I prezzi bassi comunque alla fine non aiutano più di tanto il salario degli operai, che nell’immediato può essere nominalmente più alto, dato che nel complesso, visti i licenziamenti in massa dovuti alla chiusura delle fabbriche e di molti settori dei servizi, l’ammontare dei salari degli operai scende!
“Il pericolo è che questo meccanismo virtuoso non scatti e che gli italiani preferiscano - per paura del futuro - mettere da parte i soldi risparmiati invece che usarli per fare shopping. E se la deflazione durasse troppo a lungo, questo meccanismo diventerebbe patologico: le famiglie tenderebbero infatti a non spendere, nella convinzione che in futuro i prezzi saranno ancora più bassi. Ecco perché la deflazione fa paura: perché se diventa uno “stile di vita” e cambia le aspettative dei consumatori, condanna a morte l'economia.”
Qui i borghesi mettono a dura prova la  propria intelligenza (e la pazienza altrui). Le parole usate sono “preferiscono”, “fiducia”, “volontà”… ma come si fa a dire che uno non spende perché non ha “fiducia” o perché ha “paura”?  e meno male che prima ci avevano ricordato che senza soldi non si può spendere!

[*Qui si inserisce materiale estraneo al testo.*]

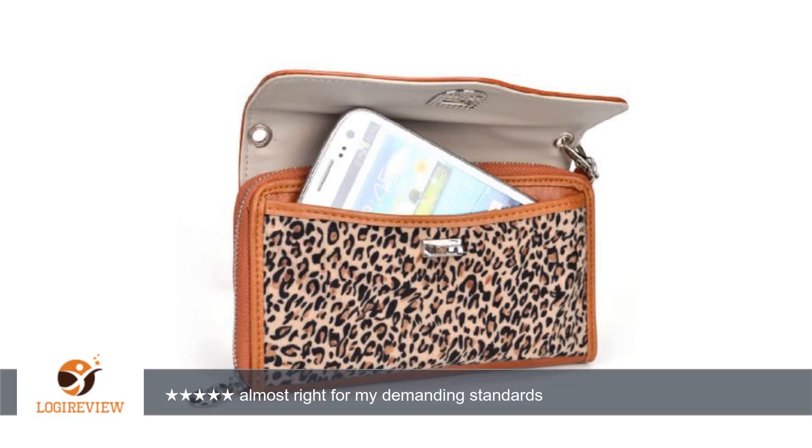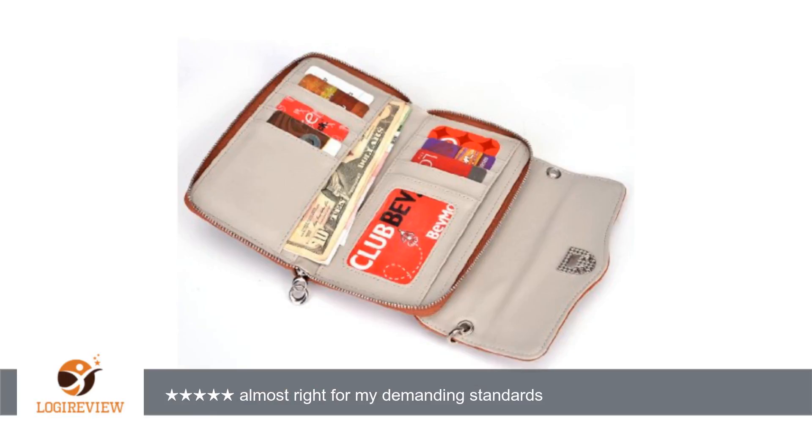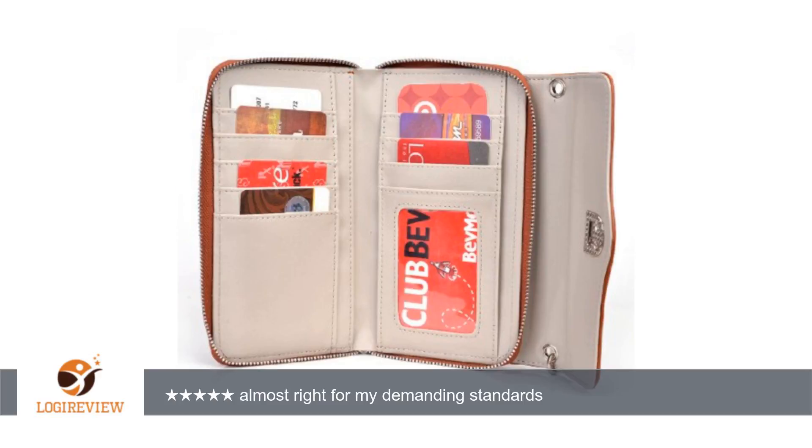The best feature is that I can take the phone out without opening up the money and credit card pocket. What I didn't like was that the money compartment is a single area — once the zipper is open, everything is there. That would be fine for some, but I wanted a coin area and a separate slot for money.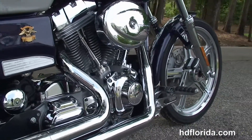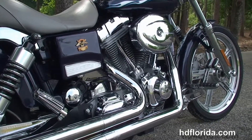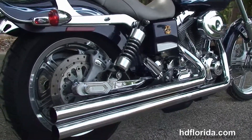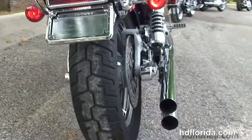This bike starts out front with the 5 spoke mag wheels and chromed out lower front forks. Move back to the color match chin spoiler, the chrome forward controls, the 88 cubic inch twin cam engine, high flow air cleaner, and a Vance and Hines long shot exhaust.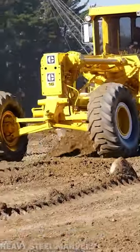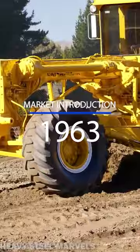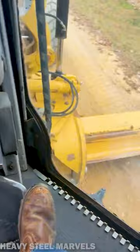The Caterpillar 16 is a famous motor grader that was first introduced to market in 1963. Over the decades, the 16 got massively upgraded, and it is now known as one of the most elaborate machines out there.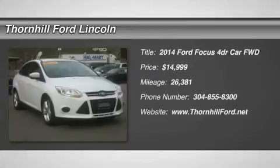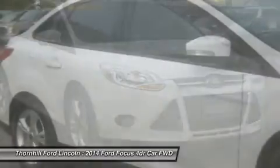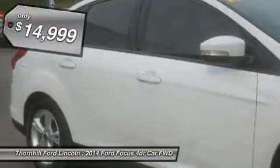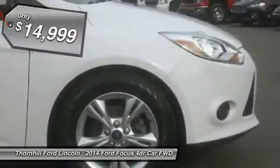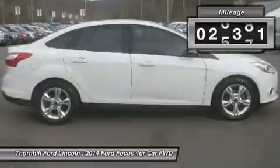You'll love this 2014 Ford Focus. This is a car you'll want to take home. With 26,381 miles, it features automatic transmission and an exterior color of Oxford White. Call us and be the first to open the car door today.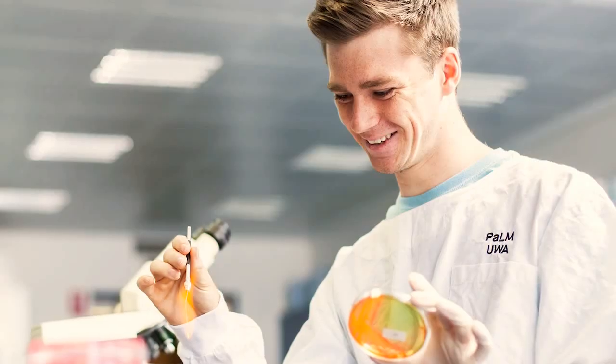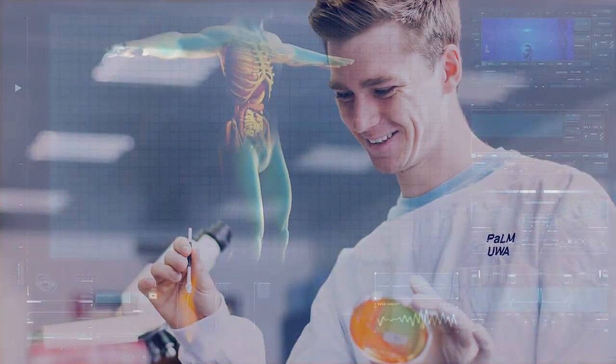The Biomedical Science Master's encompasses a range of biomedical and health-related disciplines, from biochemistry and molecular biology to neurobiology, physiology, and so on. We actually offer three specializations: biochemistry and molecular biology, human biology, as well as neuroscience.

“Il problema non è solo italiano: su 185 Paesi del mondo, ben 43 sono in deflazione e 88 hanno un'inflazione sotto l'1,5%. Per due motivi: da un lato perché il petrolio è basso per tutti, dall'altro perché la crisi ha frenato l'intera economia globale. È anche per questo che le banche centrali di mezzo mondo, per combattere contro questa piaga, hanno varato politiche ultraespansive: delle 36 maggiori banche centrali del mondo, calcola Morgan Stanley, ben 29 hanno una politica monetaria espansiva. La Bce è l'ultima ad attivare il «bazooka» anti-deflazione: da marzo inizierà infatti a stampare moneta. Così dopo decenni in cui il problema è stato quello dell'inflazione, oggi il mondo combatte contro il fantasma opposto. Ultimo strascico di una crisi globale senza precedenti.”

I capitalisti “da soli” non ce la fanno. Il loro sistema entra in crisi costantemente e si inceppa e allora arriva il soccorso dei loro agenti al governo che per superare le difficoltà “stampano moneta”!